Time for action, says Mayor Mike Snider

Port Clinton officials made their point at a public hearing on antiquated infrastructure under the city streets by displaying a hunk of water line filled with corrosion. (Photo by D’Arcy Egan)

BY D’ARCY EGAN

Mike Snider became the mayor of Port Clinton five months ago, and helped to light a fire under Port Clinton City Council and a host of city officials. Poggemeyer Design Group of Bowling Green, Ohio was brought in to plot and plan a way to finally improve the city’s infrastructure after many decades of neglect.

“Now we have to move forward,” said Snider at a public hearing last Thursday. “Continuing to put band aids on the problem will not solve the problems. I’ve been talking to people since the $20 million public infrastructure plan was introduced in July, and feel strongly most citizens get the need for it and approve it.”

The majority of the crowd of about 80 at Port Clinton High School’s Performing Arts Center certainly did. Surprisingly, many didn’t care about the need for transparency by making the proposal a ballot issue in 2020.

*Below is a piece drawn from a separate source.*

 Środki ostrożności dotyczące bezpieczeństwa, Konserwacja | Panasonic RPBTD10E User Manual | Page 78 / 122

“We need to get started as soon as possible in making this happen,” said Don Clemons, owner of The Bait House bar on the Portage River in downtown Port Clinton. “I’d much rather see Port Clinton City Council vote on it, and get started on it as soon as possible.”

Mary Snyder, owner of Mary’s Blossom Shoppe on Madison St. in downtown Port Clinton for 40 years, agreed. The makeover of Madison Street the last two years has certainly helped downtown businesses, but the infrastructure problems have thwarted progress in Port Clinton for decades, she said.

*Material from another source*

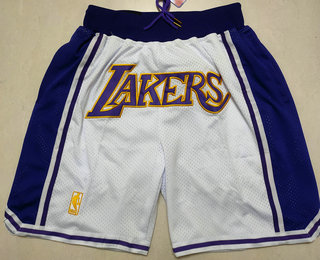 Men's Los Angeles Lakers White Gold NBA Just Don Swingman Throwback Shorts Men's Los Angeles Lakers White Gold NBA Just Don Swingman Throwback Shorts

There were questions from the audience, and they were easily handled by Snider and Jack Jones of Poggemeyer Design Group.

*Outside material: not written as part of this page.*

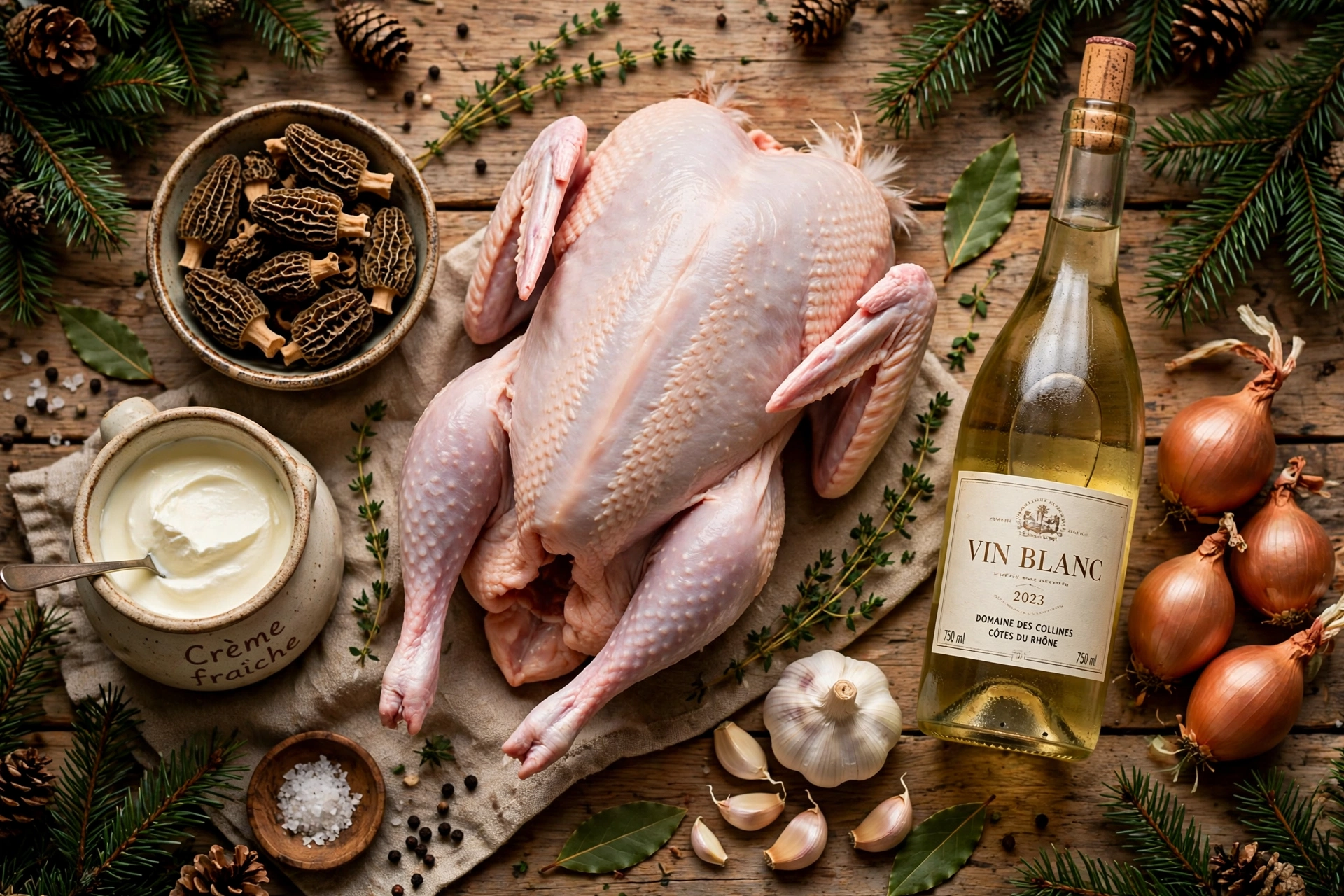 Ingrédients de la recette de poularde en cocotte pour noël : poularde fermière, morilles, crème et vin blanc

While Port Clinton may have been a town divided just six years ago when proposals were made to develop Waterworks Park into a $60 million resort, the present plan is to spend almost $20 million fixing Port Clinton’s roads and stormwater and sewer lines. Poggemeyer Design Group has developed the plans, and the city will seek state and federal grants and loans to make it happen.

The estimated monthly tab for homeowners would be about $20 per month, or less.

Port Clinton has been around for 191 years, said Snider, and this is the first plan to modernize its roads and infrastructure. He said that when he became mayor, he asked focus groups what the city needed. Fixing the roads, the sewers and the water lines were at the top of the list.

There will be another public meeting on the plan on Thursday, Oct. 24 at 6 p.m., at the Ottawa County Family Advocacy Center at 570 S. McKinley Dr, Port Clinton.